Kind of a key here, the words, “circadian rhythms,” a most-interesting, and, highly-influential function: Circadian rhythms are physical, mental and behavioral changes that follow a roughly 24-hour cycle, responding primarily to light and darkness in an organism’s environment. They are found in most living things, including animals, plants and many tiny microbes.
And if these rhythms stop rhyming, shit can ensue: Circadian rhythms can influence sleep-wake cycles, hormone release, body temperature and other important bodily functions. They have been linked to various sleep disorders, such as insomnia.
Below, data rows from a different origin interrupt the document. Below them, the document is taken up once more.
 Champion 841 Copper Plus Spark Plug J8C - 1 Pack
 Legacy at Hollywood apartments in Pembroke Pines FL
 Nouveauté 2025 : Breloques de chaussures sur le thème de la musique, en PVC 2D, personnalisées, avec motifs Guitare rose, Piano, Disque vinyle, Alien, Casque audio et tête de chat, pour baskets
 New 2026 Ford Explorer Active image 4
Abnormal circadian rhythms have also been associated with obesity, diabetes, depression, bipolar disorder and seasonal affective disorder.

My problem noted: The circadian crater effect.
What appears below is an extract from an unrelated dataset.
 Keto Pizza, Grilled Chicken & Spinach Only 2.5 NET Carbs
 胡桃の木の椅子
And my insomnia is an excuse for my late-afternoon-evening temperament — starting off a day way-early fueled by sleepless rest can result in me being less than amiable.
From the Harvard Business Review, and a piece on new research about the energy of “Morning People,” and sleep — the key nut:

Over the past few years, management and psychology research has uncovered something interesting: both energy and ethics vary over time.
In contrast to the assumption that good people typically do good things, and bad people do bad things, there is mounting evidence that good people can be unethical and bad people can be ethical, depending on the pressures of the moment.
For example, people who didn’t sleep well the previous night can often act unethically, even if they aren’t unethical people.

So, if I act like an asshole at 3 PM, it’s not because I’m an actual asshole, but just appear an asshole due to lack of sleep. And if you bother me about it, I just might start crying.